With the new butterfly keys that is apparently no longer possible.




Apple and Apple service providers can get replacement keycaps from Apple and replace keycaps, even for the butterfly keyboards. The linked article even says, "The type of service [...] may involve the replacement of one or more keys". The butterfly ones are more complicated to replace.

But this only helps with some kinds of key issues where the keycap or scissor mechanism is the problem, like sticking or rubbing keys (and dirty keys). It usually doesn't help with issues like no key response or wrong letter being typed. In this case the keyboard, and therefore the top case, would need to be replaced.


A few years ago I brought a 2011 Macbook Air to an Apple authorized repair shop, and they told me they could only replace the entire keyboard. So if they started replacing individual keys, that must be something new, I've never heard about that.

Everything I've read suggests that they only replace the entire keyboard, or in the case of the new Macbook, the entire top half of the computer.

I've also read that the scissor switch breaks when you try to remove the keycap, so I'm not sure how replacing individual keys would work.


I've replaced many Mac keycaps.
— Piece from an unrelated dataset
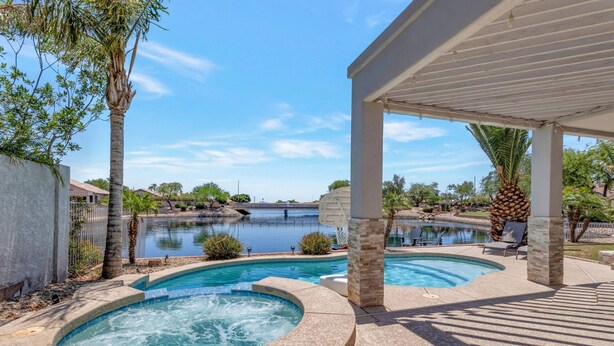 A swimming pool area with a hot tub, a covered patio, and a view of a lake.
All the "chicklet" style, starting with the white plastic MacBooks, can be replaced. (I don't know about the silver MBPs keys before that.) I honestly don't remember when key cap sets became available. Possibly after the retina MBPs came out, which use the same keycaps as the Airs. With the white MacBooks, with their infamous palmrest cracking issue, there were always extra top cases around to take a key from. This is still what is usually offered, at no cost, to someone who needs a key or a few, if they're off warranty.

The big thing is the keycaps and scissor aren't designed to be removed, unlike other parts of the machine, so you will break a large fraction of the ones you try to remove, and those will need to be replaced with a new key and/or scissor. And they're small and fiddly to replace. So there's a difference between replacing 1, 2 or 3 missing or wonky keys and half the keyboard. Many shops would probably only want to replace the whole top case after a certain threshold due to the time and work involved. If the keys are sticky it's different too, since the keycap, scissor plus the part of the top case below and around the key would need to be cleaned to get it moving well. With more than a few keys this starts to be a lot of work.

The butterfly keyboards don't have replaceable mechanisms, and the keycap's tabs are so small that they are not meant to be put back on, but instead always replaced.


OK, this sounds reasonable. In my case, there was a single broken key on the keyboard (either the cap or the scissor was broken, I ended up replacing both with a used key from ebay), and the Apple authorized service provider told me they could only replace the whole keyboard. Good to hear that this is not an actual Apple policy, because it seems ridiculous.